_Assignment:_ From the line that holds "Cotton Blend Jersey" to the last line below, retype everything exactly and nothing else; omit pictures.
Segment Start: Input
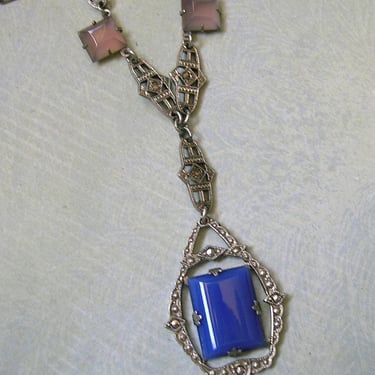 Antique 1930's Art Deco Sterling Marcasite and Blue Chalcedony Necklace, Art Deco Necklace, Sterling Chalcedony Marcasite Necklace (#4503) 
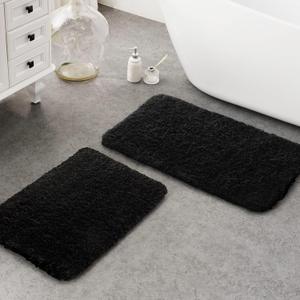 Ashler Bathroom Rugs Set of 2, Black Bath Rugs 2 Piece, Water Absorbing Bath Mat, Soft Microfiber Rectangle Bathroom Carpet, Machine Washable - 17x24 & 20x32 Inches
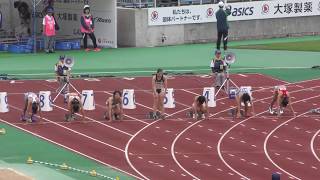 20171007 えひめ国体 少年女子B 100ｍ予選1組
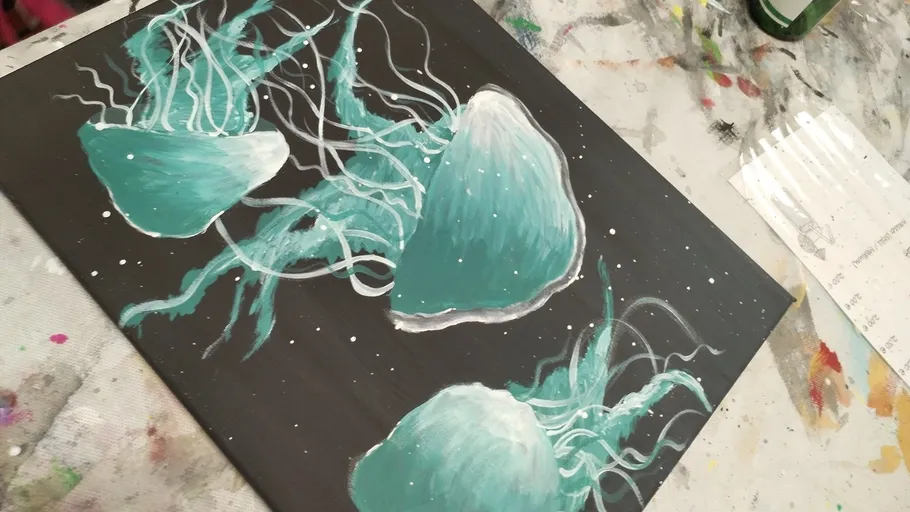 Painting of three jellyfish on dark background.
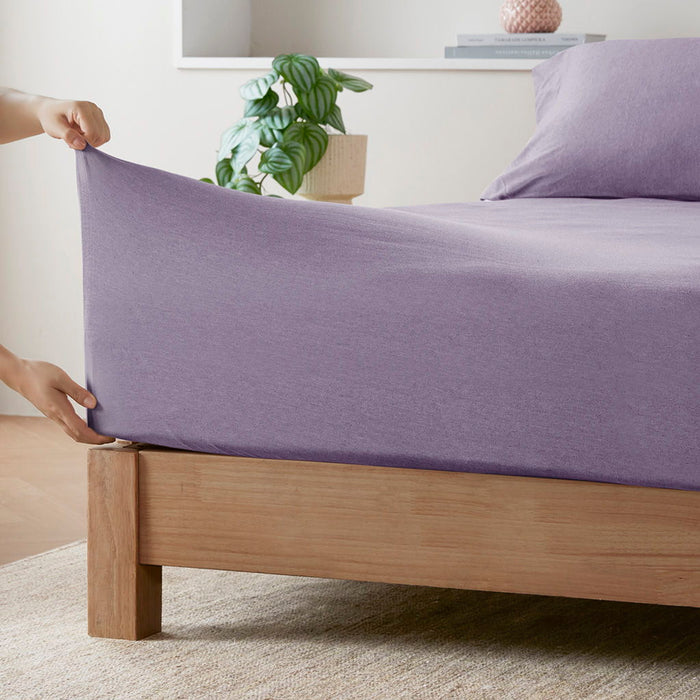 Cotton Blend Jersey Knit - Queen All Season Sheet Set - Purple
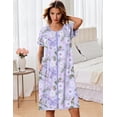 thumbnail image 4 of EKOUAER Zipper Robes for Women Short Sleeves Knit Bathrobes Knee Length Soft Lace Trim Loungewear with Pockets, 4 of 5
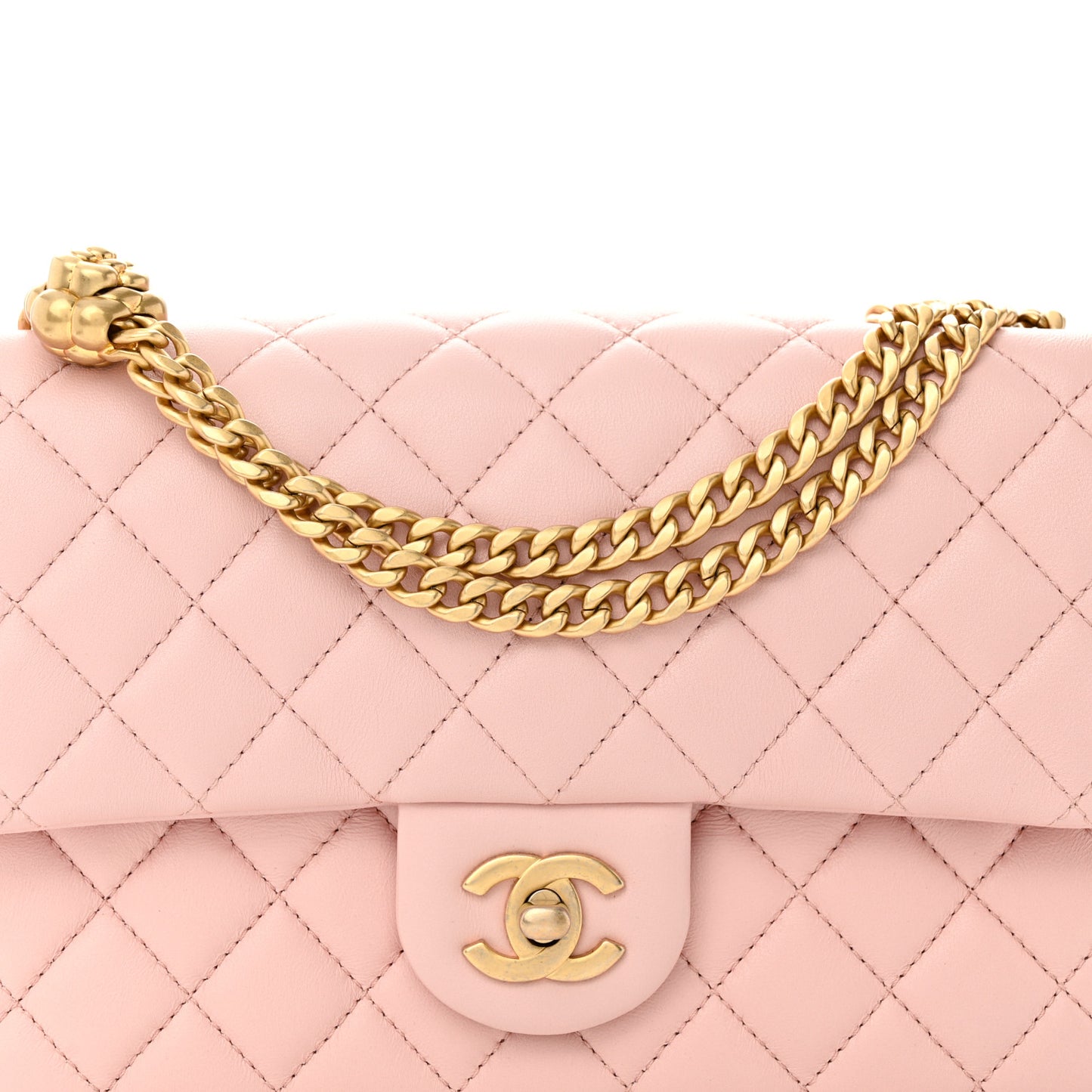Lambskin Quilted Small Sweet Camellia Flap Light Pink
Segment End: Input
_Your solution:_
 Cotton Blend Jersey Knit - Queen All Season Sheet Set - Purple
 thumbnail image 4 of EKOUAER Zipper Robes for Women Short Sleeves Knit Bathrobes Knee Length Soft Lace Trim Loungewear with Pockets, 4 of 5
Lambskin Quilted Small Sweet Camellia Flap Light Pink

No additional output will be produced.